■ REQUIRED WORK ■
Copy exactly the lines starting at the one that contains "The Interestings - Meg" and running through the end of the material below. Exclude any pictures.

--

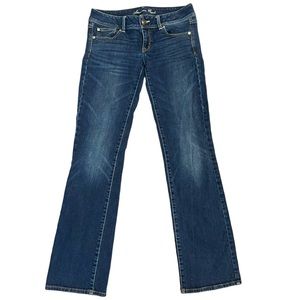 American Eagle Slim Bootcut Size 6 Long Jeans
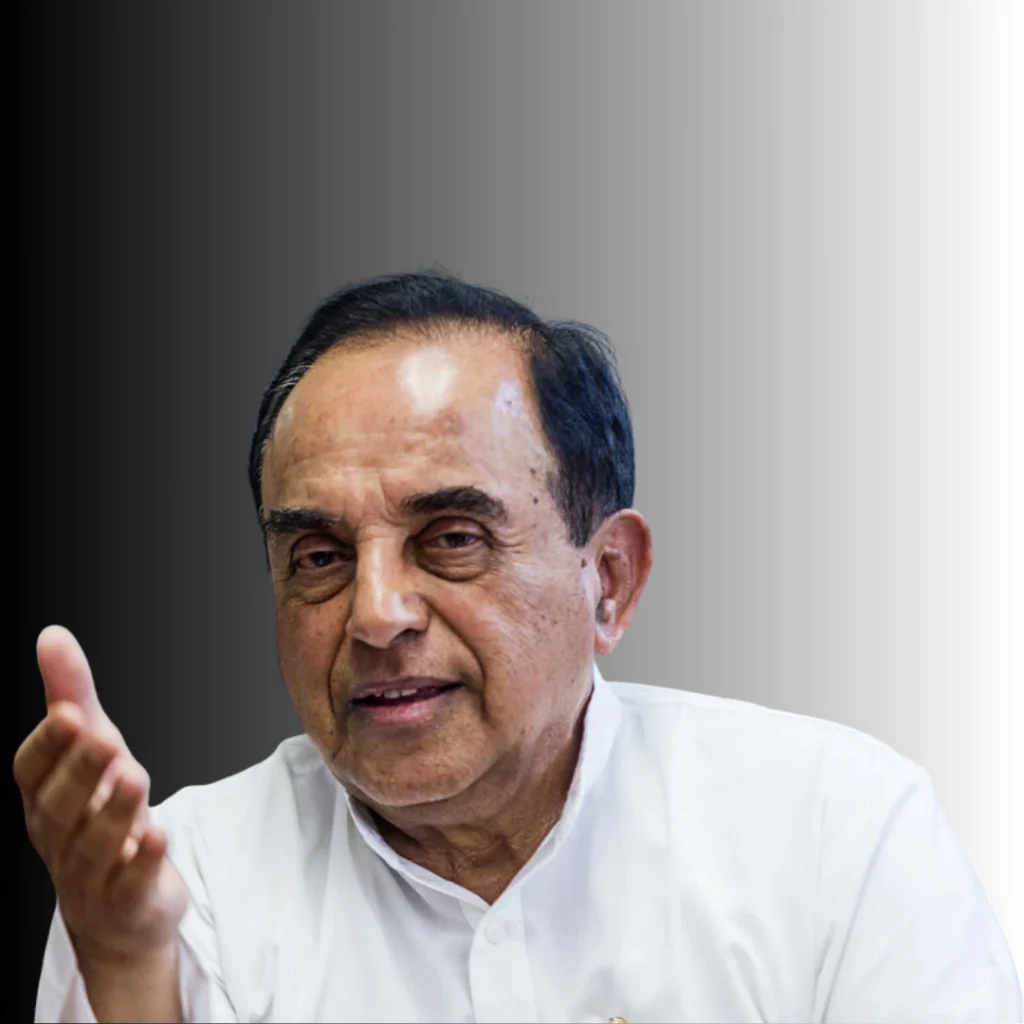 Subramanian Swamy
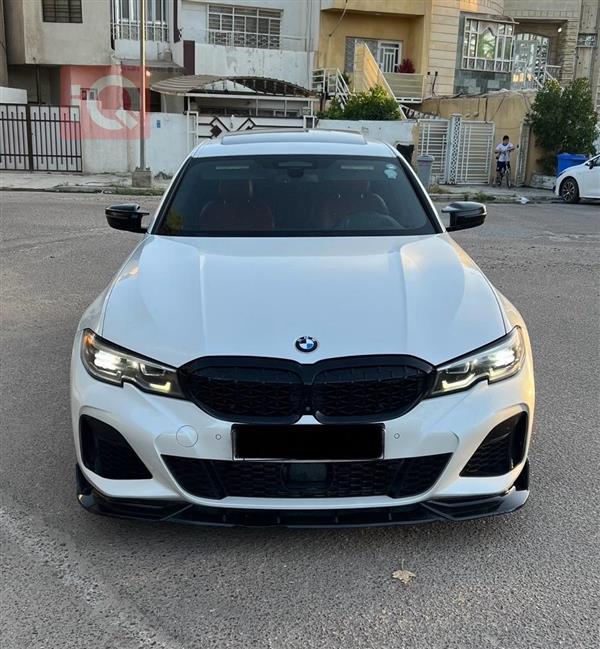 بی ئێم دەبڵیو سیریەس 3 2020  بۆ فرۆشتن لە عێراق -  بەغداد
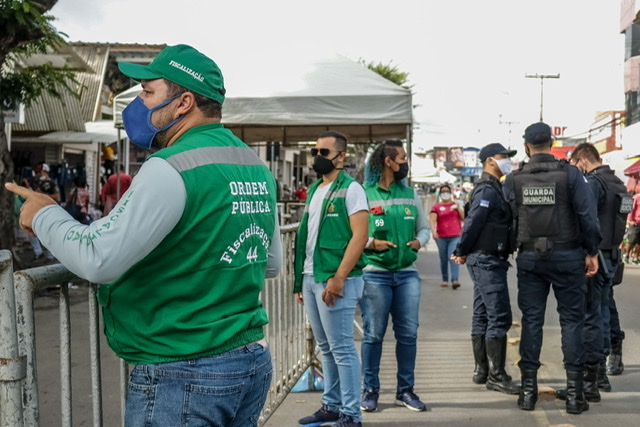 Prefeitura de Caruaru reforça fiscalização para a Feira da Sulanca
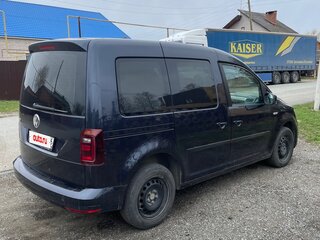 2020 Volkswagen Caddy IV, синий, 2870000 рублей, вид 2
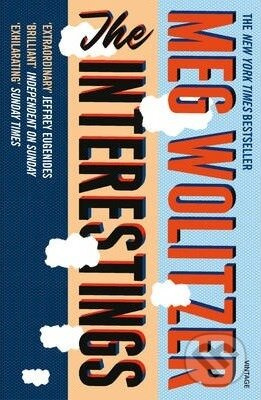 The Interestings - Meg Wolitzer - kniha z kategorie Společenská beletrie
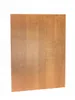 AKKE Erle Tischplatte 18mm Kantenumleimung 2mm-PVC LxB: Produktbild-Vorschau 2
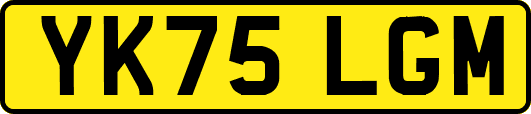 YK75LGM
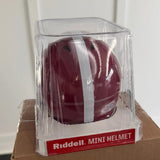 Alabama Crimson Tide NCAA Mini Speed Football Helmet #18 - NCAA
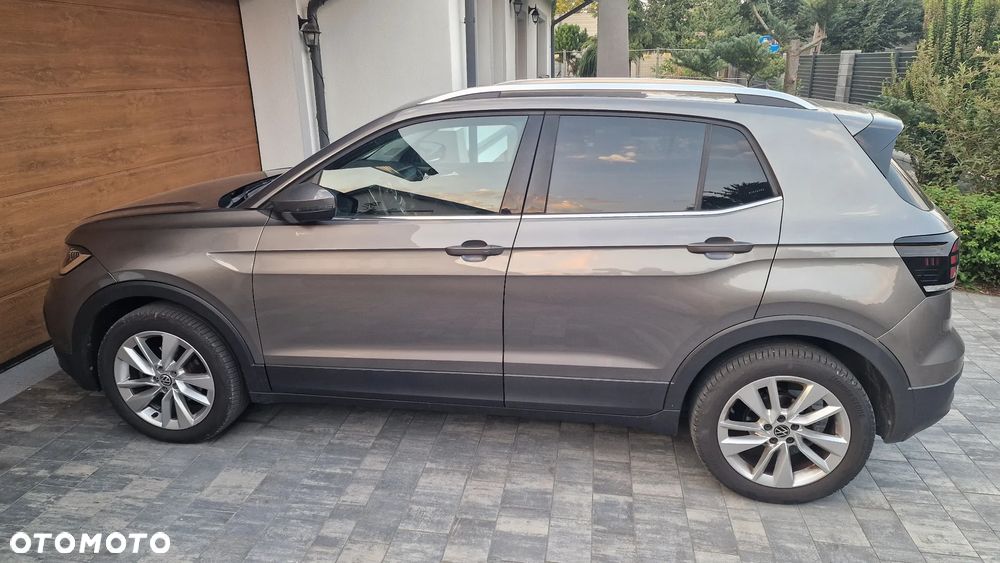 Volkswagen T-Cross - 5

--

■ OUTPUT BELOW ■
 The Interestings - Meg Wolitzer - kniha z kategorie Společenská beletrie
 AKKE Erle Tischplatte 18mm Kantenumleimung 2mm-PVC LxB: Produktbild-Vorschau 2
 YK75LGM
 Alabama Crimson Tide NCAA Mini Speed Football Helmet #18 - NCAA
 Volkswagen T-Cross - 5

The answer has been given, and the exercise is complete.